Thanks for the ideas. The hole isn't bad, it's quite small. The guy at the shop who said I would need to replace the top suggested I try an innertube repair kit maybe??


----------



## BMW Detailer (Jul 11, 2006)

Good tip. Never heard of it. Any ideas on how best to remove the yellowing in the back plastic window?


----------



## TOGWT (May 26, 2004)

*Rear Window:*
The fogging on polyvinyl occurs when the plasticizers in the material evaporate due to UV radiation and heat exposure. The plasticizers maintain its softness and flexibility; a good plastic polish (Plexus) will remove scratches and the fogginess and maintain its flexibility.

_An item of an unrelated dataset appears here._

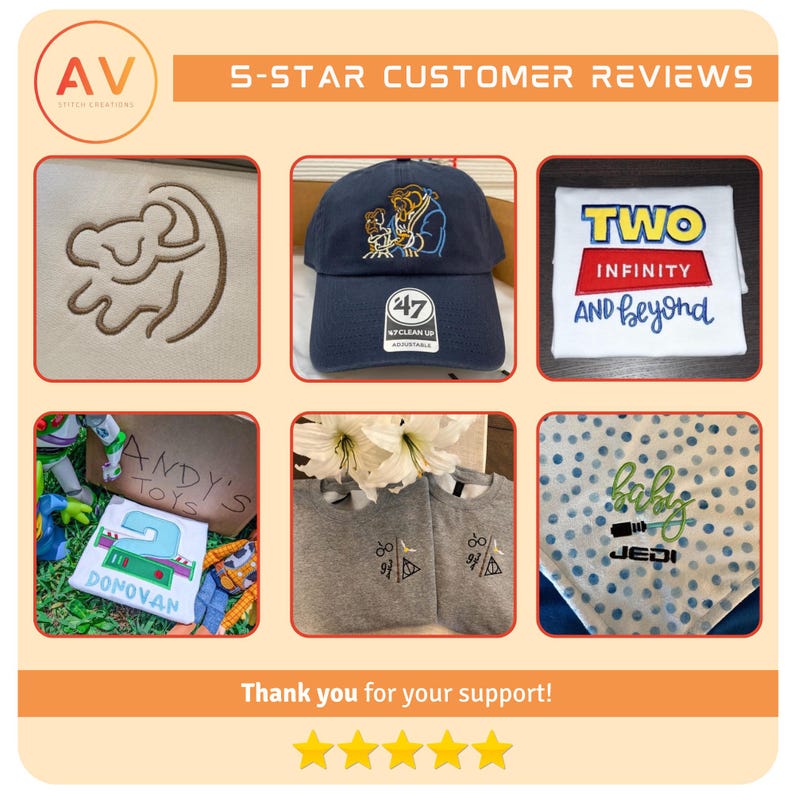 May include: A collage of custom-made items. Includes a tan embroidered Lion King design, a navy blue baseball cap with a cartoon design, a white shirt with "TWO INFINITY AND beyond" text, a shirt with "ANDY'S TOYS" and "DONOVAN" text, two gray sweatshirts with a graphic, and a blue polka dot bib with "baby JEDI" text.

Place a 100% cotton cloth (front and back of rear window) when the top is down, this will help to avoid any surface friction scratches and prolong its durability. This will also avoid any transfer of product to the rear window from the tops fabric dressing. Avoid putting the top down when the material is damp or wet as this encourages mould and mildew to form

The material used for the 'plastic' windows in convertible tops, soft-tops, is a specialized type of vinyl called 'Pressed Polished Sheets'. This material is actually composed of two layers of non-colour vinyl laminated together under intense pressure and high heat; this process squeezes out all the impurities and renders it optically clear.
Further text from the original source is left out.